I confess that before I read Valiant Ambition, by Nathaniel Philbrick, I had never given either of those questions any thought. But in order for us to understand how George Washington and Benedict Arnold ended up in such different places Philbrick shows us first just how similar they are. Both men had a common desire to be known for their military achievements. Both had great military victories and defeats. Both suffered from the attacks of other generals within the Continental Army and the Continental Congress. It is the similarities that makes the one great difference between them so striking. Here is how Philbrick highlights the difference:
Washington’s sense of right and wrong existed outside the impulsive demands of his own self-interest. Rules mattered to Washington. Even though Congress had made his life miserable for the last four years, he had found ways to do what he considered best for his army and his country without challenging the supremacy of civil authority. … For Arnold, on the other hand, rules were made to be broken.
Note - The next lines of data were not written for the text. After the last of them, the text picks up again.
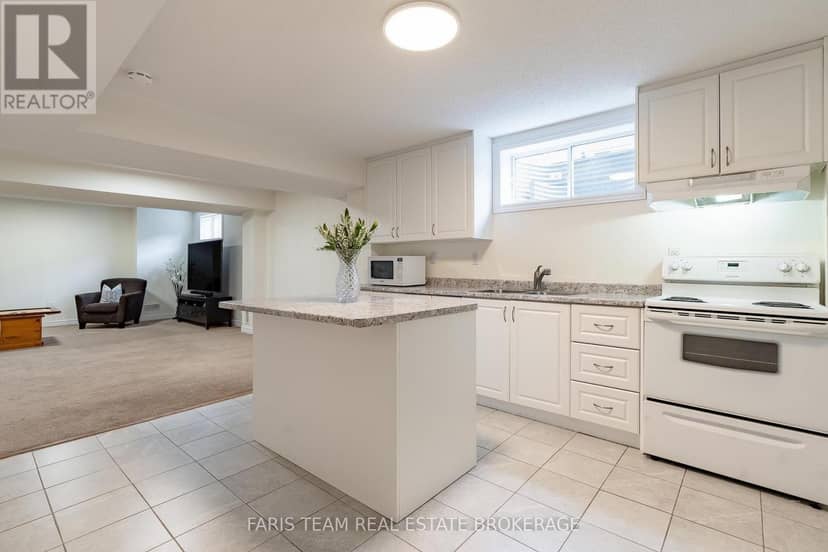 1284 Harrington Street — photo 33 of 40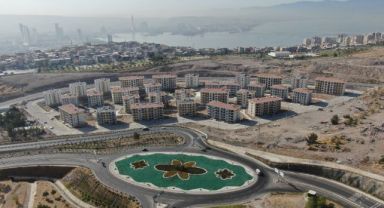İzmir’de deprem konutları sahiplerini bulmaya devam ediyor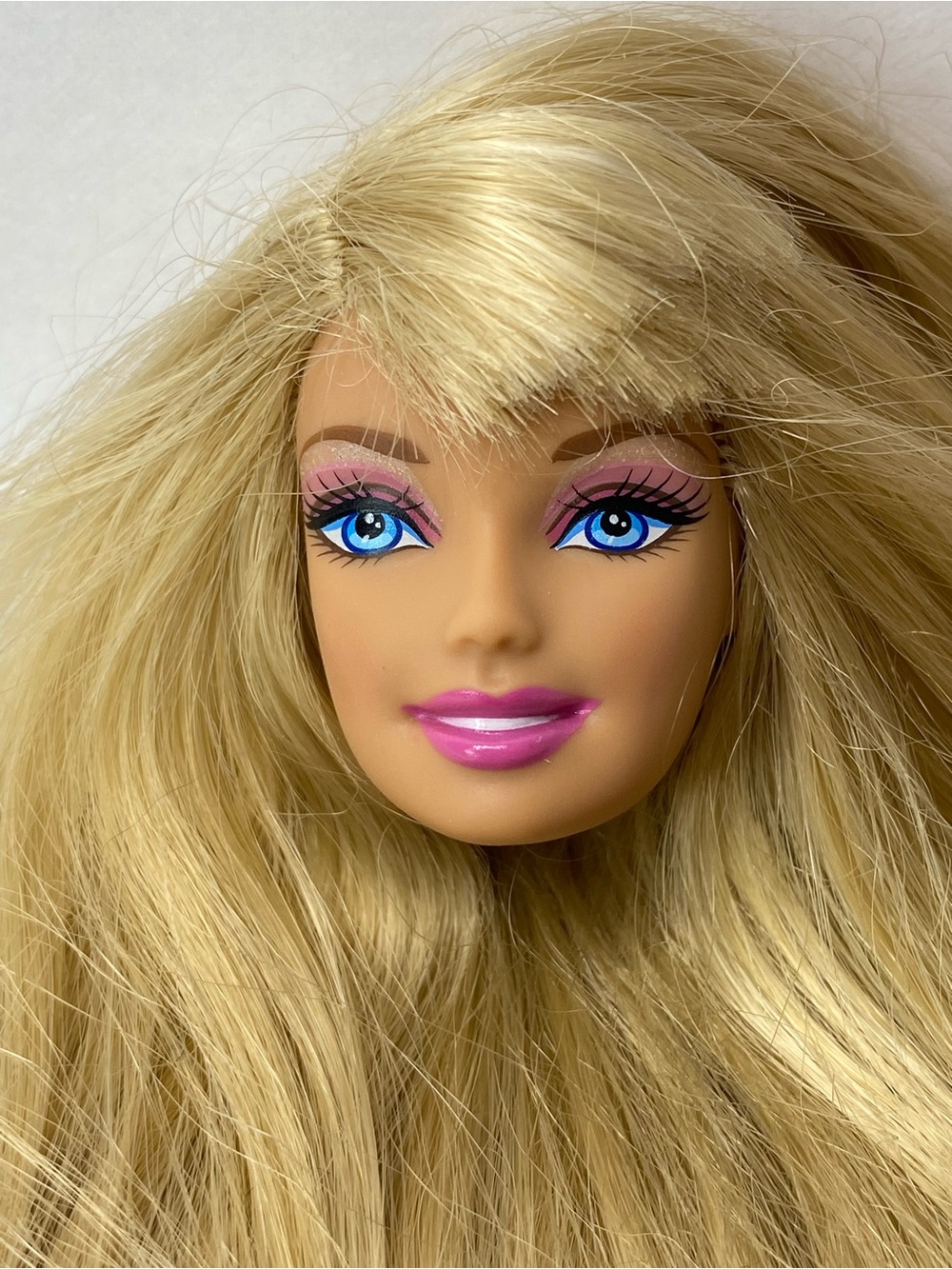 Barbie 1998 Classic CEO / Generation Girl Face
Sculpt - HEAD Replacement Only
He had done it as a pre-Revolutionary merchant and he had done it as military governor of Philadelphia. … What made Arnold unique was the godlike inviolability he attached to his actions. He had immense respect for a man like Washington, but Arnold was, in the end, the leading personage in the drama that was his life. Not lost to his own character, but lost in it, Arnold did whatever Arnold wanted…
The fundamental difference between Washington and Arnold was that the former was willing to sacrifice for his generals, his army, and his country. Arnold, on the other hand, was not willing to make those sacrifices. That is why he contacted the British in order to find out how much they would pay him if he would help them win the war.
Valiant Ambition is a great study in the contrast of these two men. It highlights what led Washington to become one of the greatest leaders our country has ever known, and what led Arnold to become the best-known traitor our country has ever had. It is a study in leadership. It was the sacrifices Washington made that endeared so many men to him. It was the selfishness of Arnold that led so many men to despise him.